Whilst this may all seem like a difficult, but distant period in history, the recent Zoella ‘scandal’ may be collateral damage from that time. This week, GCSE Exam board AQA made a statement outlining their reasoning for removing content from Youtuber Zoe Sugg, or ‘Zoella’, from their syllabus, claiming that it was due to her ‘sexual content’, specifically regarding her content that highlighted sex toys. Sandra Allan, AQA’s Head of Curriculum for Creative Arts said in a statement that “Zoella’s recent content is aimed specifically at an adult audience and isn’t suitable for GCSE students.” Sugg hit back at these claims, saying that “It worries me that they think 16-year olds aren’t exploring their own bodies”.
Whilst it may seem like a fairly unimportant story at first, it does perhaps highlight a continuing problem with the curriculum, in that it teaches teenage students that sex isn’t about pleasure. The only legal requirement for sex education schools have is to teach about reproduction. There is no requirement to teach about sex for pleasure, sex for gay people or non-binary/transgender people who may not feel comfortable having sex in the body they have been given.

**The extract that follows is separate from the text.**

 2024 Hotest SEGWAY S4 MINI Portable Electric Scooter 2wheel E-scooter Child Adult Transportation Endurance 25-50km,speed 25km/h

The argument from many LGBTQ+ people is that, for example, sex toys are particularly important, and that removing sex positive and inclusive content is reducing sex to reproductive uses and creating a shame culture around other types of sex or sex for other reasons. This shows that whilst Clause 28 may have been officially removed from schools, some of its regressive attitudes still remain.
According to the British Social attitudes report in 1987, 3/4 British people ‘disapproved’ of same sex relationships. The same year every household received sombre leaflets warning “don’t die of ignorance”, and 9 out of 10 people thought there was something wrong with sexual relations between two adults of the same sex. Whilst tolerance and understanding has increased every year since, that does not mean that certain attitudes do not remain. David Cameron may have legalised gay marriage in 2014, but as an MP, Cameron repeatedly attacked Labour’s plans to abolish Clause 28 and accused Blair of being “anti-family” and wanting the “promotion of homosexuality in schools’, before voting against its repeal in 2003. In a similar fashion, five of the current government cabinet, including prominent figures Gavin Williamson and Priti Patel, voted against the legalisation of gay marriage. Moreover, 16 out of 22 cabinet MPs, including Prime Minister Boris Johnson, were absent in the House of Commons vote to allow same-sex marriage in Northern Ireland in 2019. The British Social attitudes report in 2018 showed that the proportions of British people who support premarital sex and same-sex relations fell for the first time since 1987. For Transgender people this is 10% lower, with 82% of people fairly or totally comfortable with a transgender person as a neighbour, manager, GP, or Prime Minister.
Attitudes are better but setbacks in education can retain stigma and produce damaging consequences for school children that can have effects for the rest of their lives. British attitudes and governance have come a long way since teachers like Ash Mukherjees were told to censor library books, but the censoring of blogs may be too reminiscent of those times. Whether it be in media, politics, or education, it is important that people are taught that they do have ‘an inalienable right to be gay’, and this fact must be fought and protected so that future generations do not have to live in fear like those in the 1980s.